# Bonfire Night and Guinea Pigs??



## Mags4eva (Jun 27, 2009)

I have got two Guinea Pigs who live outside in the spring/summer/autumn and come inside during the colder months. I have brought them inside for today-monday for the Bonfire Night period. They are in their indoor cage now but the fireworks are still very loud and they have been making very nervous squeaks. I have shoved the radio on but they are still gettin scared when the fireworks start. Anyone have any other idea's to help stopping them getting scared?? xx


----------



## sullivan (Aug 29, 2008)

I know it sounds strange but put the light on they wont see the flashes so much than if they were in the dark. I put a old box so they can get under it for security, I will be keeping mine in now till next april/may time as there getting on a bit.


----------



## Mags4eva (Jun 27, 2009)

Thanks for the advice!! Where they are, the curtains are pulled across and will stay like that all night but i will leave the lights on as well just in case!! Thanks!! xx


----------



## Jazzy (Apr 15, 2009)

None of mine seem to bother, not even the rabbits. The piggies inside certainly don't anyway. :laugh:


----------



## Guest (Nov 6, 2009)

Mine lives in the living room, indoor Guinea. 

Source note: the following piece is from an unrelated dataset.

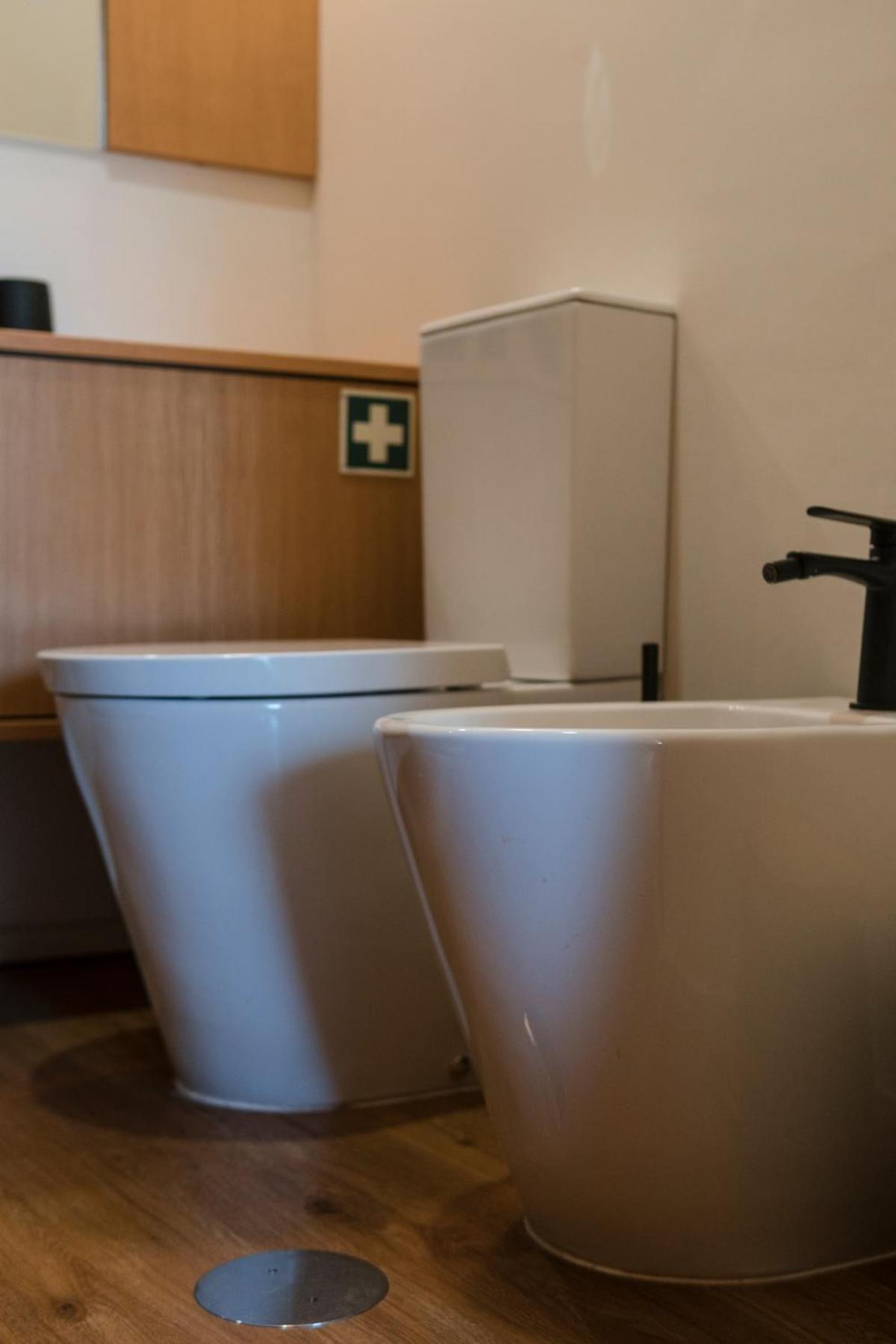 - With Ac, Parking And Balcony Apartamento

The fireworks have never bothered him at all, a loud bang went off lastnight whilst he was sprawled out asleep, he lifted his head, and then settled back down lol he seemed more annoyed that it had disturbed his sleep than anything 

He has a towel in his cage, which he sleeps under. He usually hides under that if something scares him.

Hope your Guineas are ok


----------